Ceci étant dit, la Cour va s'atteler à définir, d'abord négativement, la notion d'activités. Ainsi, elle écarte l'argument de la Commission selon laquelle cette notion requiert malgré tout un minimum d'infrastucture physique sur le territoire des différents Etats: "compte tenu des changements récents intervenus dans les conditions de travail et des progrès du secteur des télécommunications, il ne saurait être soutenu qu’une entreprise doit nécessairement disposer d’une infrastructure physique pour assurer une présence économique stable dans un État membre autre que celui où elle a établi son siège social" (point 32).
La Cour insiste plutôt sur la présence "économique stable, caractérisée par l’existence de moyens humains lui permettant d’y accomplir des activités" (point 34). On le voit, la Cour modernise cette notion: le développement de la société de l'information, du télétravail, permet à une entreprise d'avoir une activité considérable dans un grand nombre d'Etats membres sans pour autant que cela ne se traduise par des bureaux, des immeubles ou, plus généralement, par une infrastructure physique permanente.

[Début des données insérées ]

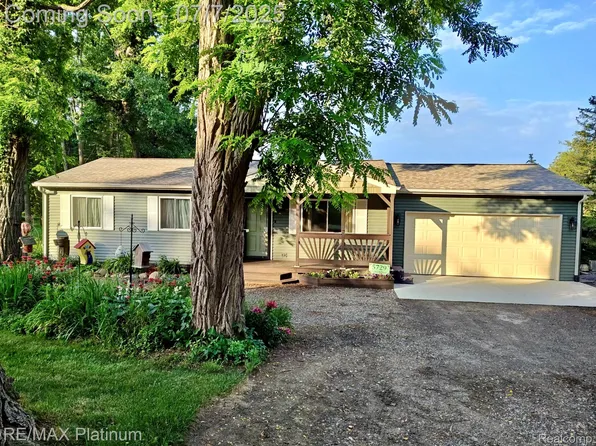 5729 Crandall Rd, Howell, MI 48855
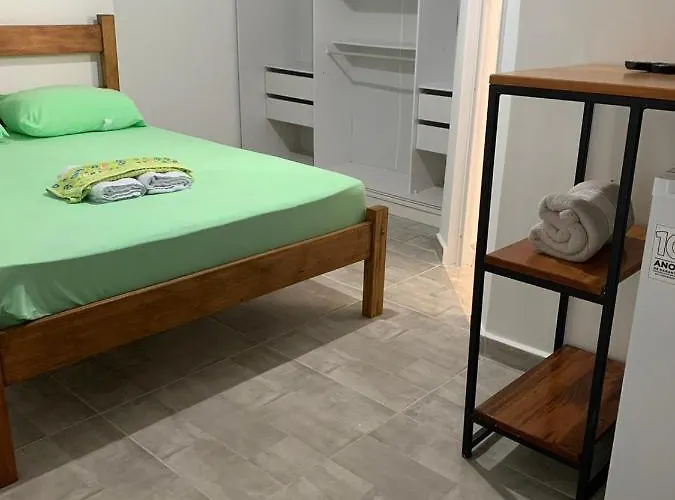 Quarto com entrada independente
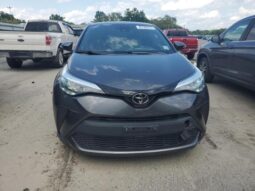 
										2022 Toyota C-hr full									
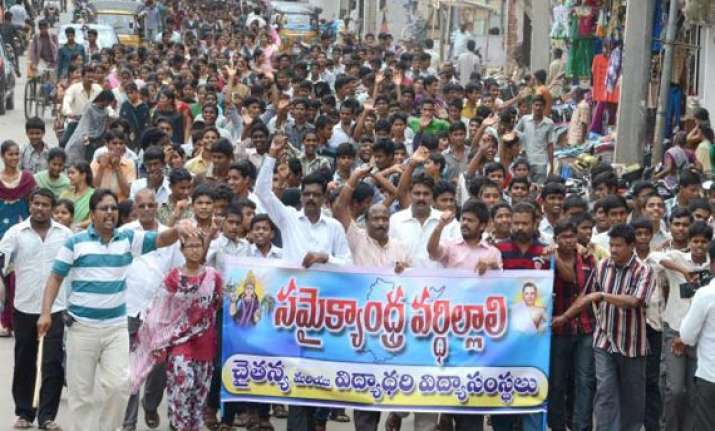 telangana united andhra supporters step up protests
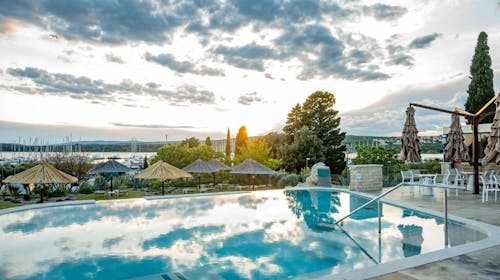 Hotel Kanajt - Pomladno wellness razvajanje na Krku, Punat, otok Krk, Hrvaška - 149,50 EUR - 1x nočitev v dvoposteljni Standard sobi s pogledom na park za 2 osebi, Bogat samopostrežni zajtrk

Alors que la notion classique d'établissement reste très attachée à ce genre de critères, la notion "d'activités" est quant à elle nettement plus souple.
Toutefois, une simple compagnie de transport ne satisfait pas à cette définition "d'activités", puisque "la simple circonstance qu’un travailleur engagé par cette entreprise dans cet État effectue des livraisons de marchandises entre ledit État et un autre État membre en traversant d’autres États membres ne saurait permettre de conclure au respect du critère [de "moyens humains"] et ne suffit donc pas pour que ladite entreprise soit considérée, aux fins de l’article 8 bis de la directive 80/987, comme exerçant des activités ailleurs que dans l’État membre dans lequel elle est établie" (point 35). Le fait de traverser plusieurs Etats avec un camion, même de manière fréquente, ne suffit donc pas. Il faut également ajouter à cet égard que si M. Holmqvist se chargeait de la livraison des produits en Italie, il n'en assurait pas le déchargement qui était à la charge de travailleurs locaux équipé de leur propre matériel, sous sa simple supervision. Si société suédoise avait engagé des travailleurs en Italie et acheter du matériel pour assurer le déchargement de ses camions, la solution de cet arrêt eut sans doute été bien différente.
Dès lors, l'argument du gouvernement suédois tombe à l'eau. L'entreprise en faillite en cause n'ayant pas d'activités dans plusieurs Etats membres, l'article 8 bis ne s'applique dès lors pas. En conséquence, cet Etat ne peut faire application du critère de "travail habituel" pour écarter M. Holmqvist du bénéfice de la garantie.